*** Data Section Begins ***

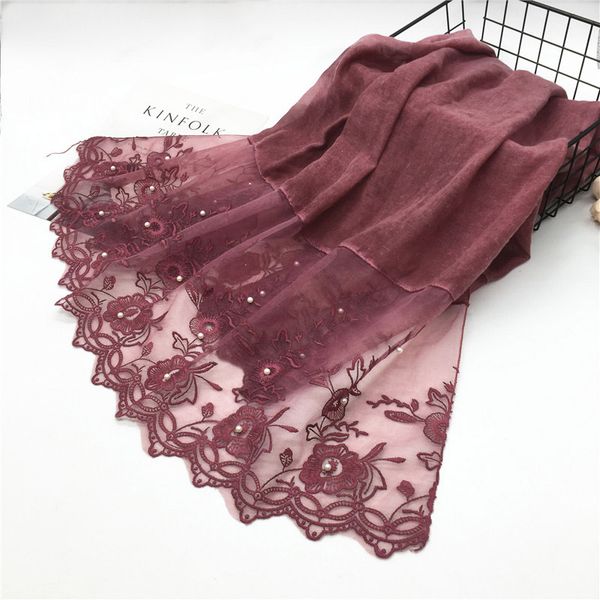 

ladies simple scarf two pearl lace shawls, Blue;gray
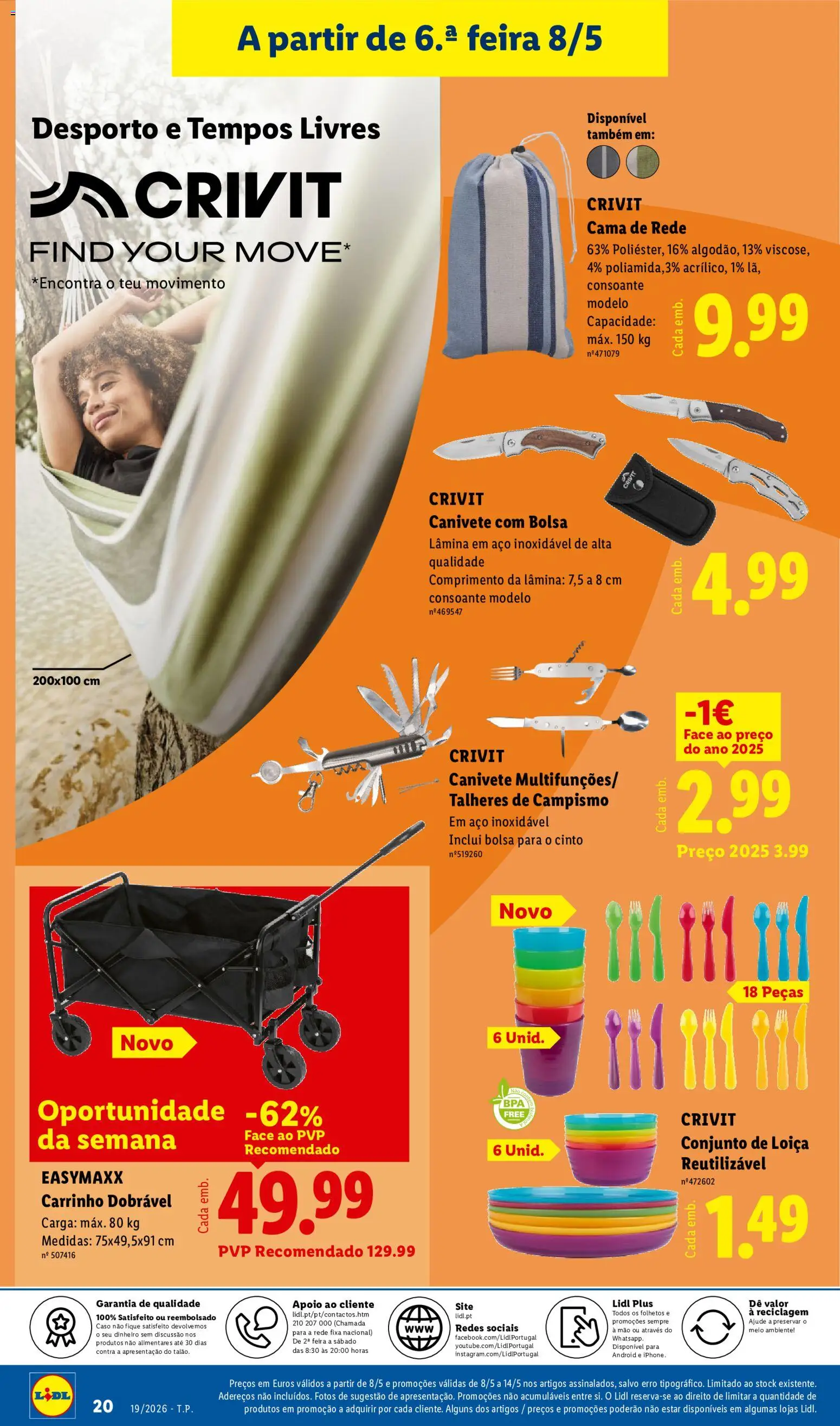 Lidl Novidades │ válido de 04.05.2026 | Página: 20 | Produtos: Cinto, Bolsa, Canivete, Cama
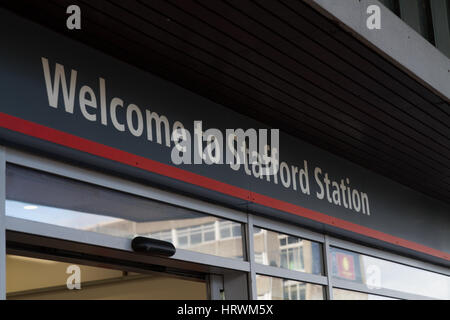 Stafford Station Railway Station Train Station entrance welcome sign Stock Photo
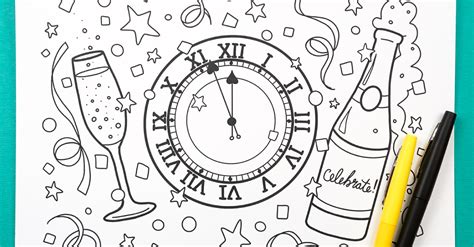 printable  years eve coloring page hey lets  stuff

*** Data Section Ends ***
*** Data Section Begins ***

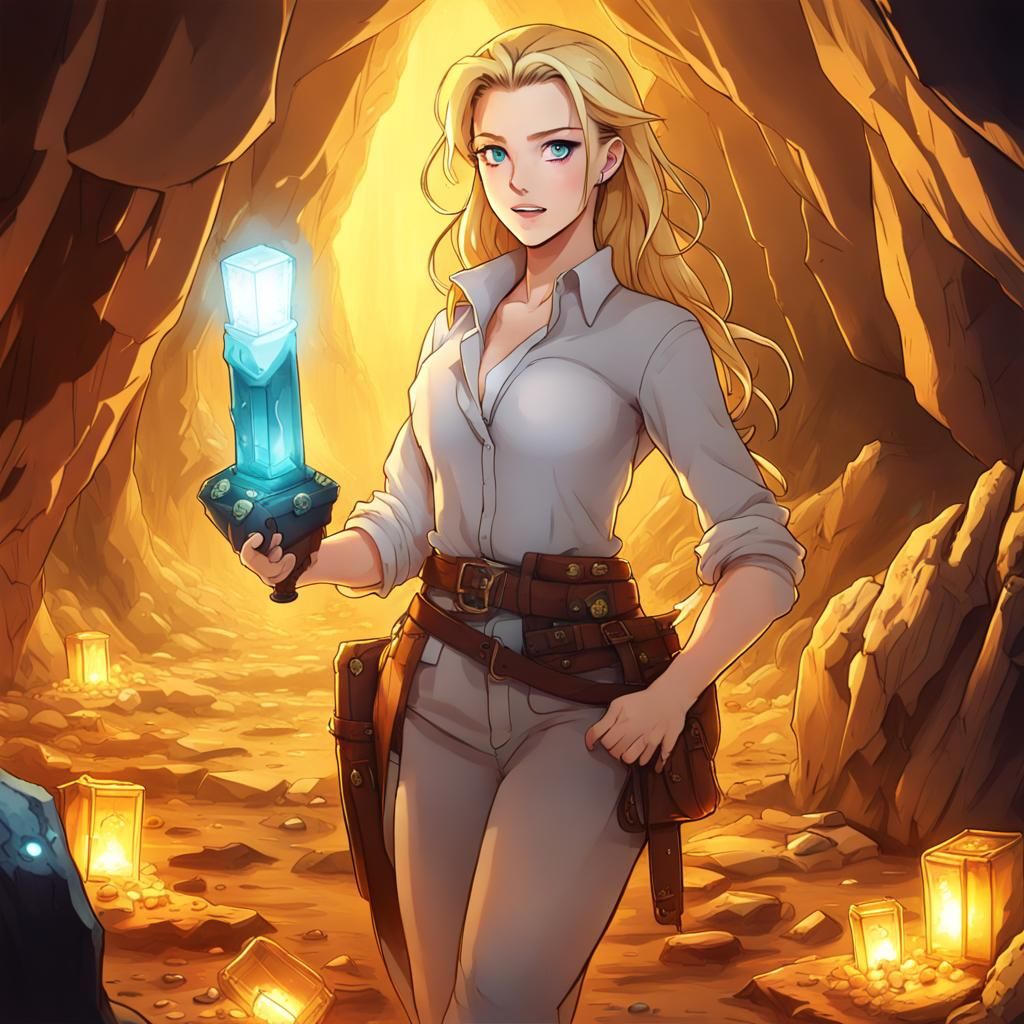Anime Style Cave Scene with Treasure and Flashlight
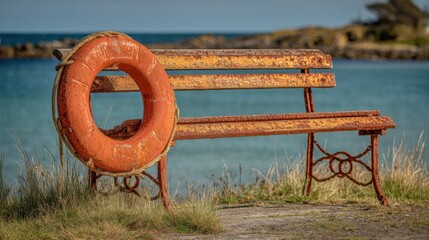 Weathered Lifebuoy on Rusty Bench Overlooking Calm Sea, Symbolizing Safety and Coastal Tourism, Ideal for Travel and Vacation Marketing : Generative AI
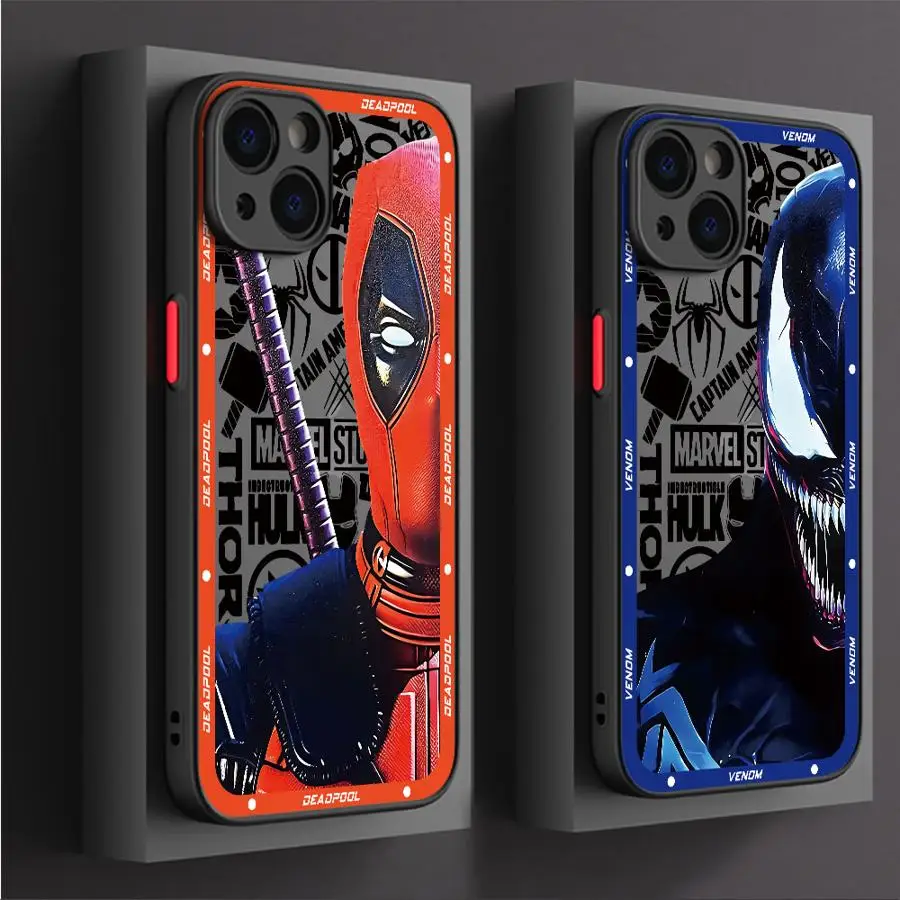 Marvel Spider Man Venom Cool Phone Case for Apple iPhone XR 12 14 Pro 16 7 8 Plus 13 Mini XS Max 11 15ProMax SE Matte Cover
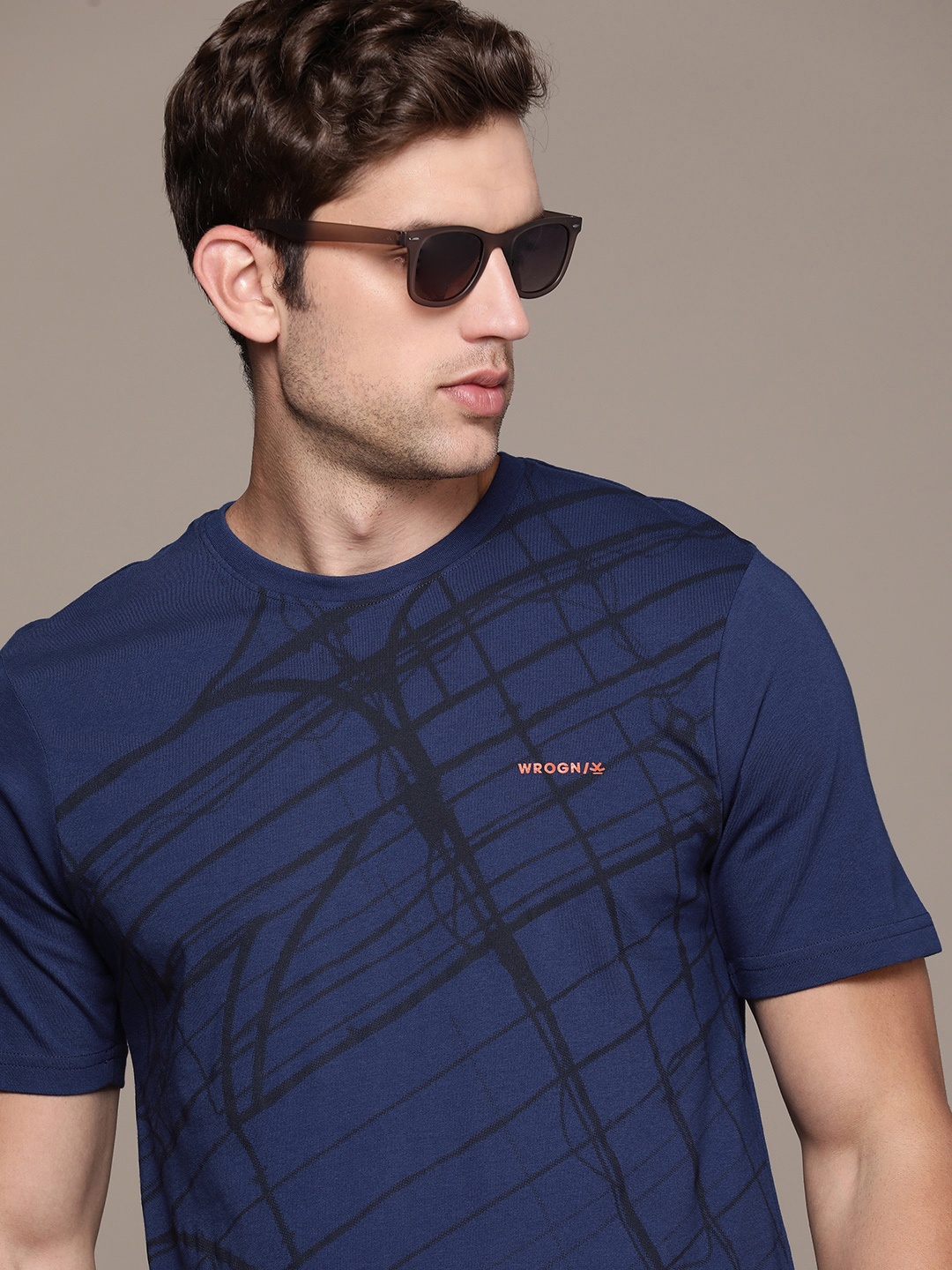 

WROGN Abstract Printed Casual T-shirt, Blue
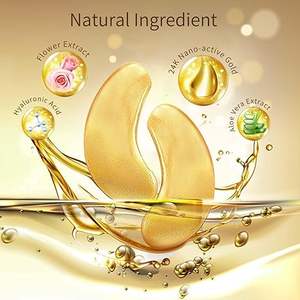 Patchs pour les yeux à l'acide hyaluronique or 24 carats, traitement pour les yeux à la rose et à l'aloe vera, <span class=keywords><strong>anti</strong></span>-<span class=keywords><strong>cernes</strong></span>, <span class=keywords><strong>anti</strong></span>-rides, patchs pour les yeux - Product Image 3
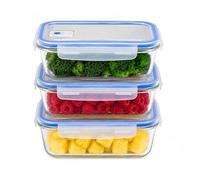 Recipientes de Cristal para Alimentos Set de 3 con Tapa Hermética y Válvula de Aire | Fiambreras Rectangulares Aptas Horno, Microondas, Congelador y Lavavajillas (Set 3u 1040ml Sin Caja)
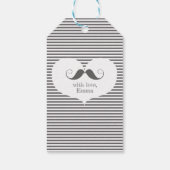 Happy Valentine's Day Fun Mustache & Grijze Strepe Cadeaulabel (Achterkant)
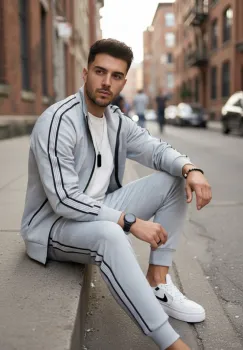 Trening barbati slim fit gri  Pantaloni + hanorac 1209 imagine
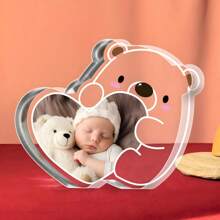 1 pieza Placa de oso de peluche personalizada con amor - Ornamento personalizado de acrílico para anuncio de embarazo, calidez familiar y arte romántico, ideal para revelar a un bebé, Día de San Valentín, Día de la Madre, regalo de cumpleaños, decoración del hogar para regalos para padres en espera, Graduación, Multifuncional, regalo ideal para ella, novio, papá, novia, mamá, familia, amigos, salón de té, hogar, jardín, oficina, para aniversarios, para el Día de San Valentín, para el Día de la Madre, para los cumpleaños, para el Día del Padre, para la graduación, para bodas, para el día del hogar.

*** Data Section Ends ***

Required action
Look above for the line with "ladies simple scarf" and the line with "years eve coloring", then copy exactly the lines from the first through the second, both kept, with no pictures.

Your response
ladies simple scarf two pearl lace shawls, Blue;gray
 Lidl Novidades │ válido de 04.05.2026 | Página: 20 | Produtos: Cinto, Bolsa, Canivete, Cama
 Stafford Station Railway Station Train Station entrance welcome sign Stock Photo
 printable  years eve coloring page hey lets  stuff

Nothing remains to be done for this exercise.